11jan 2012
Le sénateur Bourquin dans le bureau du président du conseil général : une occupation illégale !
21:46 - Par Fabrice THOMAS - 2012
Bourquin a conservé son bureau de président du conseil général alors qu’il n’est plus élu dans cette assemblée. Cette situation est illégale. Et la convention passée avec le conseil régional qui loue ces locaux ne règle rien.
Bourquin reconnait qu’il occupe ce bureau au titre de sénateur. C’est ce qu’il a expliqué à Marc Degli qui, dans l’émission Ligne ouverte sur France 3 Languedoc-Roussillon, l’interrogeait sur la conservation de son bureau : « Ca c’est normal, j’ai un bureau dans les Pyrénées-Orientales parce que je suis l’élu des Pyrénées-Orientales. Vous avez remarqué que je suis sénateur. Je suis devenu le sénateur du Languedoc-Roussillon quelque part, sans embarrasser tous mes collègues, devenu le sénateur parce que tout le monde me donne du travail. Mais je suis d’abord sénateur des Pyrénées-Orientales. J’ai un bureau là-bas, quoi de plus normal ! »
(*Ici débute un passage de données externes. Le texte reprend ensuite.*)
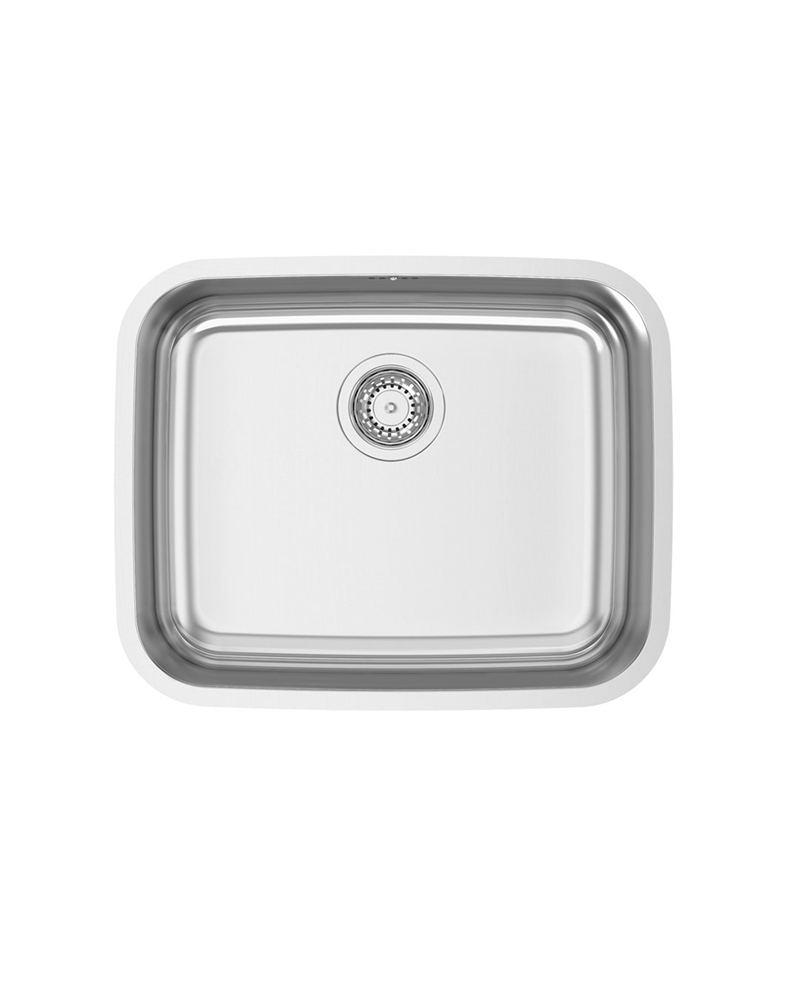 RODI BANCA 1 PIO CUBA 50X40CMS APLICAÇAO INFERIOR - INDUS50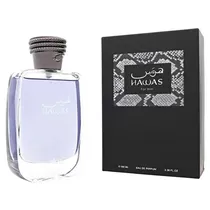 Perfume Rasa...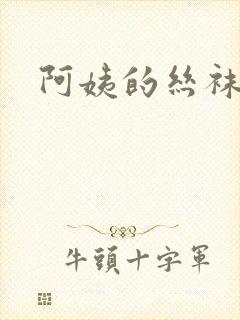 阿姨的丝袜小说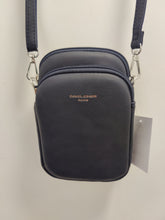 Load image into Gallery viewer, David Jones 6101-7 PU Phone Bag
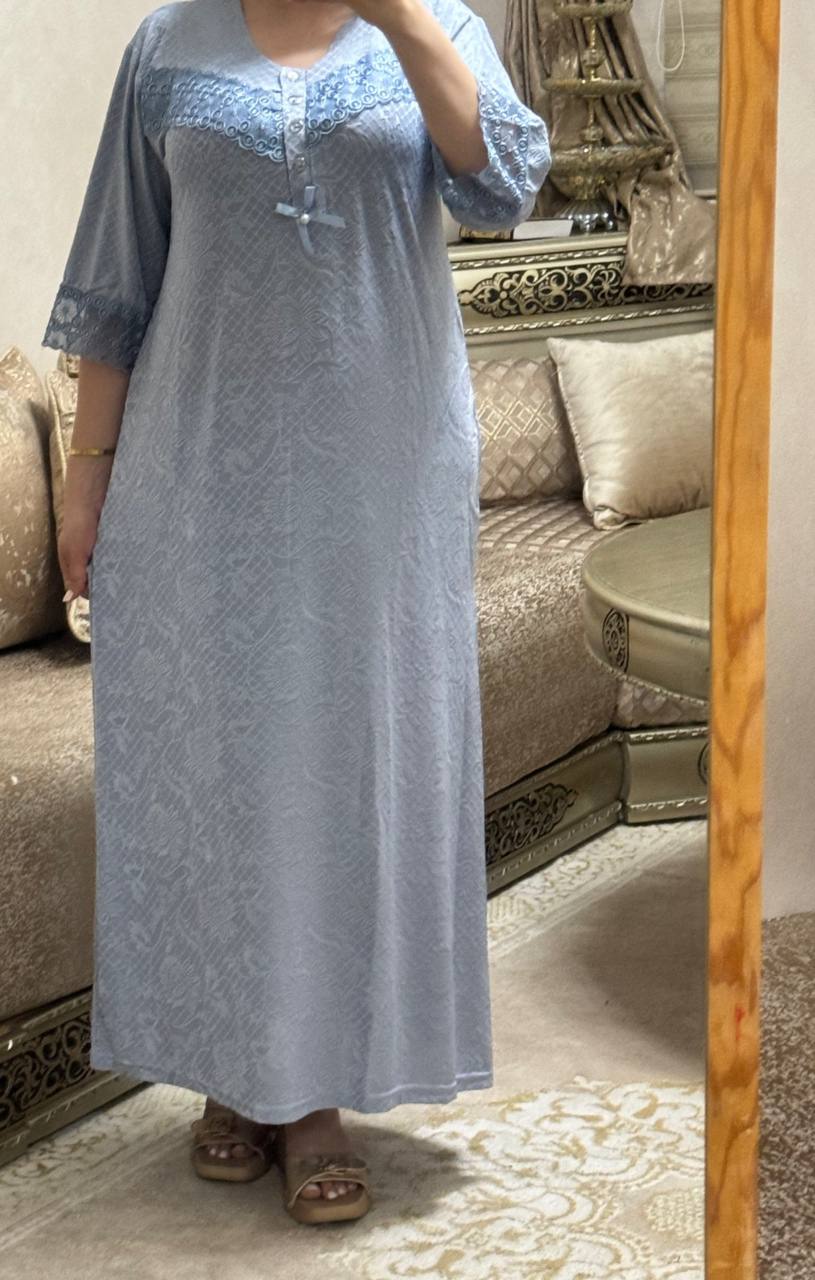 طويلة جكار بانضة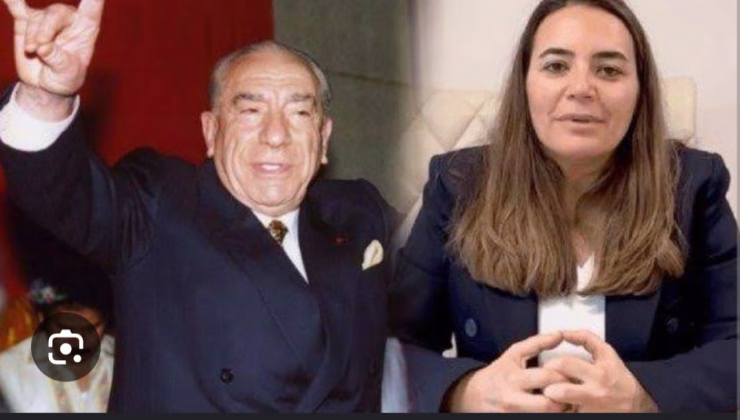 İYİ PARTİ İLÇE BAŞKANI ÇETİN, SALDIRIYI KINADI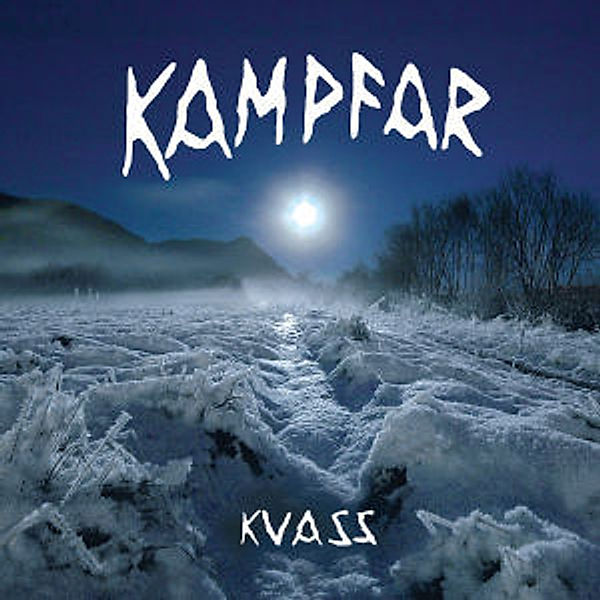 Kvass, Kampfar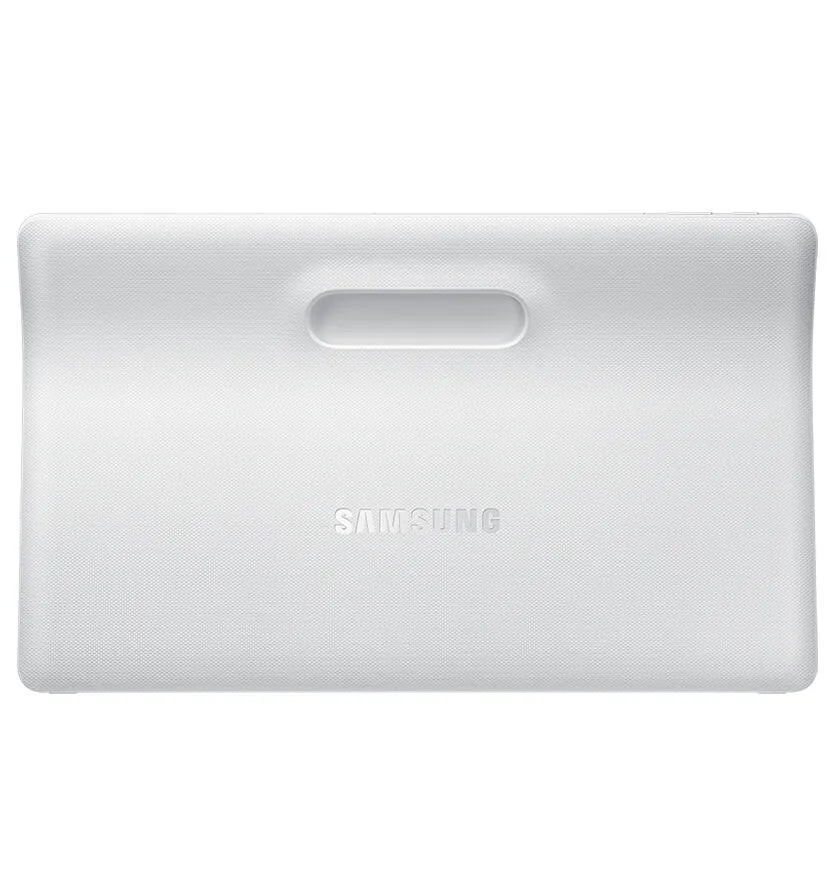 Samsung SM-T670 32 GB SM-T670NZWA 18.4 inç 2 GB RAM Beyaz Tablet Thumbnail 5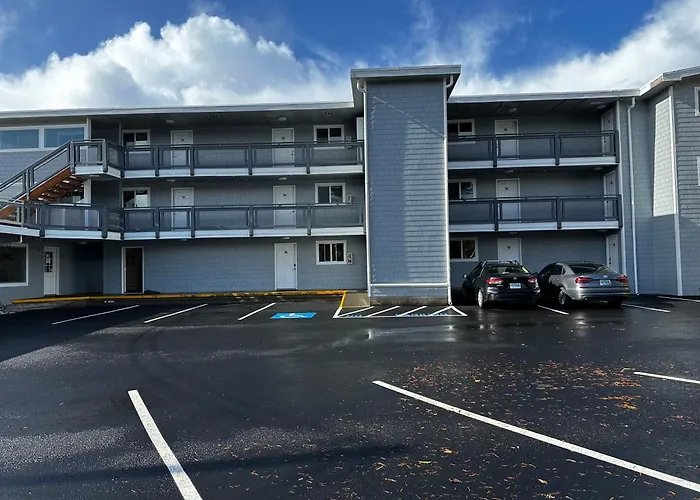 West Beach Suites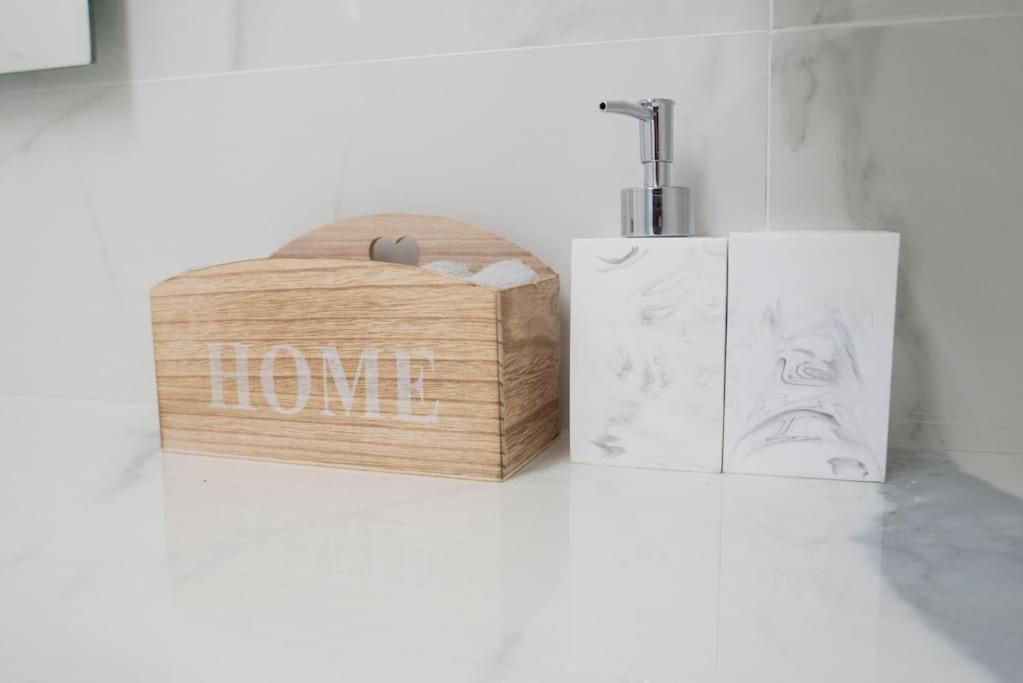 Mythos Home เอียราเปตรา ภายนอก รูปภาพ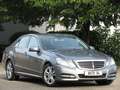 Mercedes-Benz E 200 E 200 CDI 136CV BVA Avantgarde Gris - thumbnail 3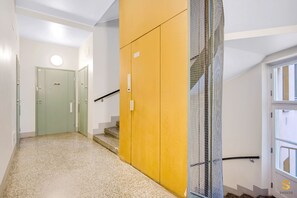 Hallway - WeHost Malminrinne 2 E 85 (Helsinki)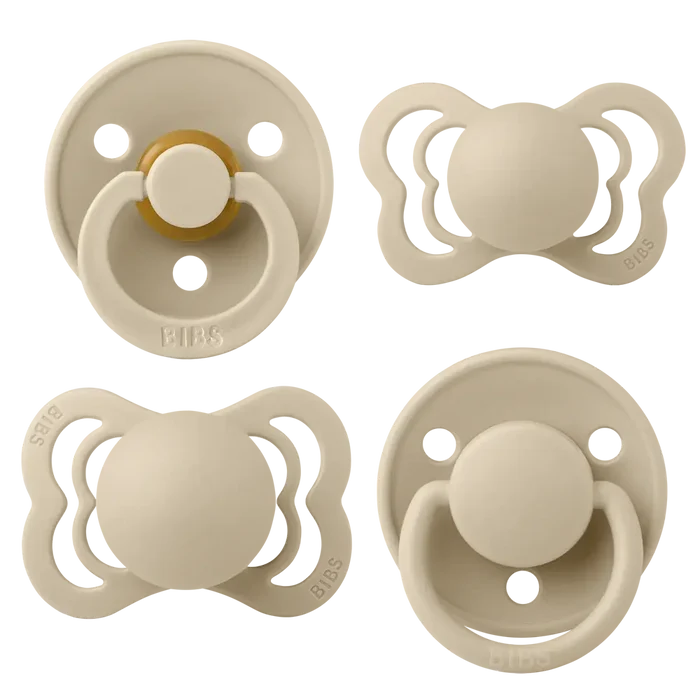 Try-It Collection: Vanilla
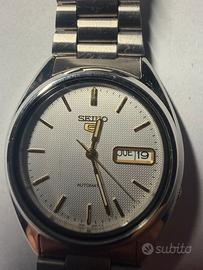 Seiko 5 Automatic 7S26-0480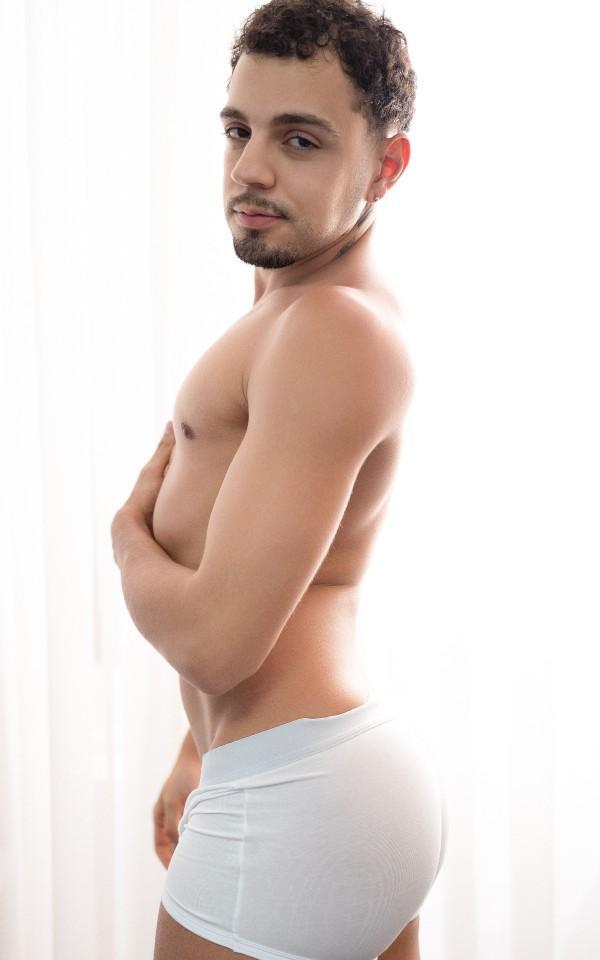 Daniel Pilad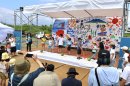 オープニングセレモニー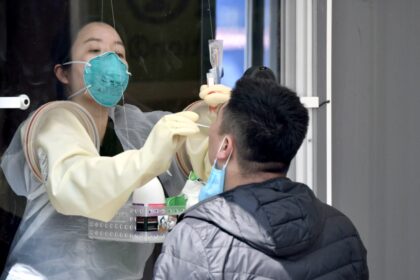 south korea doctors warn covid surge strike could cripple emergency rooms दक्षिण कोरिया के डॉक्टरों ने कोविड के बढ़ने की चेतावनी दी, हड़ताल से आपातकालीन कक्ष प्रभावित हो सकते हैं, ET HealthWorld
En se présentant comme le sénateur du Languedoc-Roussilon, Super Bourquin justifie à sa façon la location du bureau du conseil général par la région. Une explication tirée par les cheveux. Christian Bourquin sait mieux que personne que cette situation n’est pas normale.
En plus de ses indemnités de 7 100 euros, le sénat lui verse chaque mois une indemnité de frais de mandats (dont il n’a pas à justifier l’usage) de 6 240 euros et de 1 000 euros pour l’informatique A cela s’ajoute un crédit mensuel de 7 500 euros pour la rémunération des collaborateurs de son cabinet. Les frais de téléphone, de poste et de transport sont pris en charge par le sénat..
D’après les informations en notre possession, la loi dit que c’est à l’élu, avec les (confortables) moyens qui lui sont donnés pour cela de prendre en charge les frais de fonctionnement de son cabinet parlementaire.
Mais il n’y a pas que l’aspect financier qui choque. Ce bureau de prestige est la propriété du conseil général et Bourquin n’a plus rien à y faire. Il doit laisser la nouvelle présidente du conseil général s’y installer.